Semua ekstrakurikuler sepakat membuka pendaftaran anggota baru selama tiga hari dimulai pada hari Selasa dan berakhir pada hari Kamis. Tidak ada seleksi khusus untuk penerimaan anggota. Karena sifatnya tak wajib, tak seluruh murid yang mendaftarkan diri untuk bergabung dengan ekstrakurikuler yang sesuai dengan minat mereka.
Hari Jumat usai jam sekolah berakhir, Rigel berkumpul di basecamp PMR. Semua anggota diminta untuk berkumpul demi membahas penerimaan anggota baru. Di angkatan Rue, jumlah anggota sebanyak dua belas orang. Sedang anggota dari kelas XII berjumlah lima belas orang. Anggota kelas XII tidak lepas sepenuhnya, namun mereka pun tidak bisa sepenuhnya aktif karena harus fokus untuk persiapan ujian akhir.

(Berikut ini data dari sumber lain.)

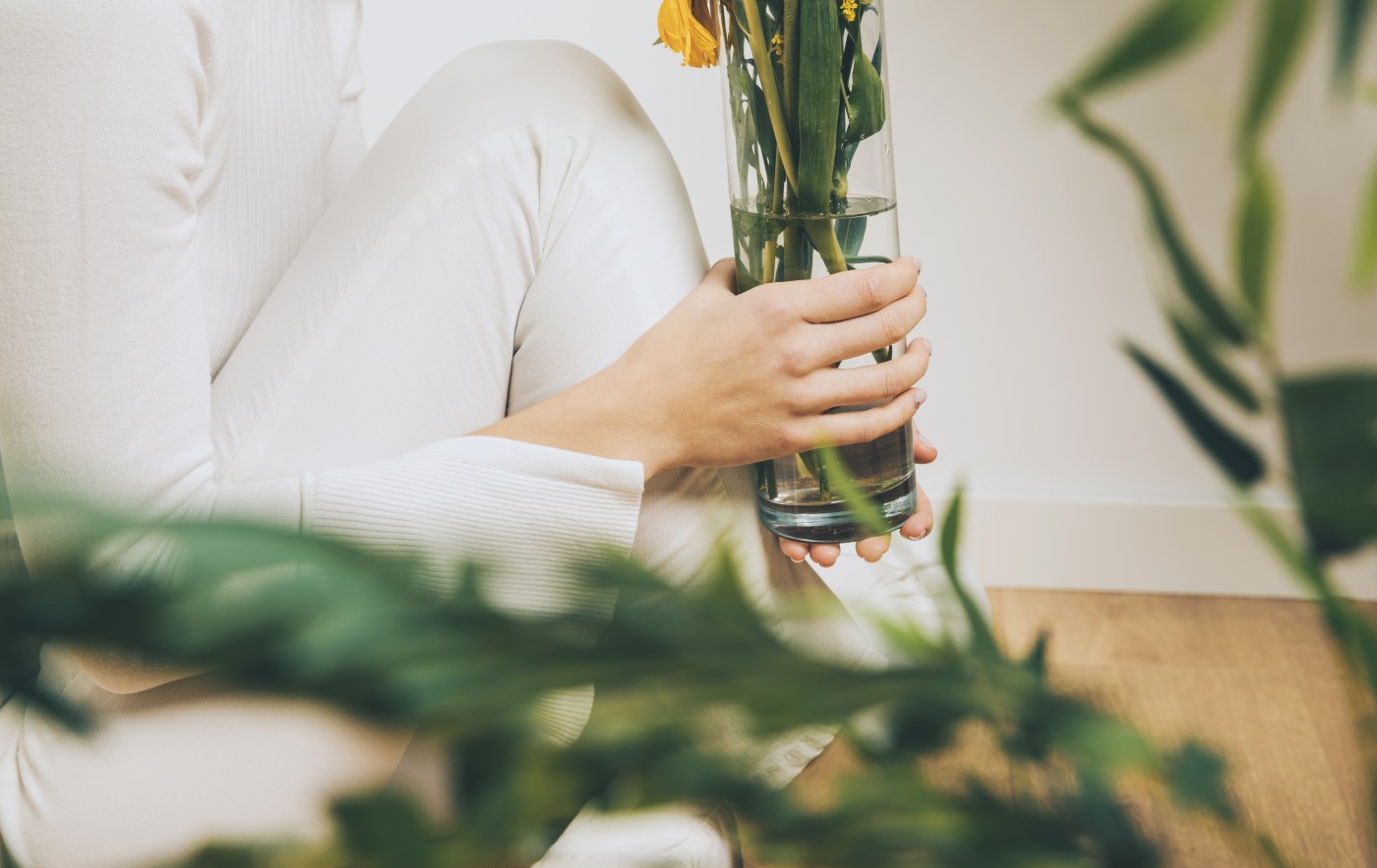 Femme installée au calme dans un intérieur fleuri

Di tahun ajaran baru ini, jumlah murid yang mendaftar untuk bergabung dengan ekstrakurikuler PMR melonjak drastis. Tercatat 42 murid yang mendaftar sebagai anggota PMR. Senior kelas XII menyambut baik. Namun, mereka memperingatkan angkatan Rue untuk tak terlalu bangga. Karena, jumlah anggota pasti akan menurun seiring berjalannya waktu. Begitulah tradisi yang terjadi secara turun temurun. Di tengah jalan, pasti ada saja anggota yang tiba-tiba tidak aktif, bahkan mengundurkan diri.

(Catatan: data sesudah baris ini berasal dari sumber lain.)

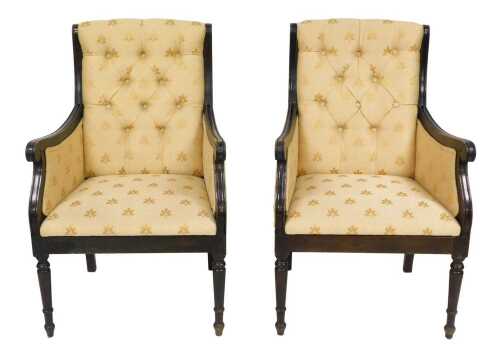 A pair of late 19th/early 20thC Continental ebonised armchairs, each with gold coloured buttoned...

“Keren ya? Bisa pas gitu. Kalau ada 42  orang kan bisa pas jadi 7 kelompok. Karena per kelompok anggotanya 6 orang.” Byungjae tak bisa menyembunyikan rasa bangganya.
“Jangan seneng dulu. Kebanyakan anggota repot juga ngurusnya.” Dio mengingatkan.
“Kayak kata senior, ntar di tengah jalan pasti berkurang. Kayak angkatan kita dulu. Yang daftar 25 orang. Tengah jalan makin nyusut. Akhirnya nyisa 12 orang doang. Kayak tim kesebelasan sepak bola dengan satu pemain cadangan aja.” Hanjoo turut berkomentar.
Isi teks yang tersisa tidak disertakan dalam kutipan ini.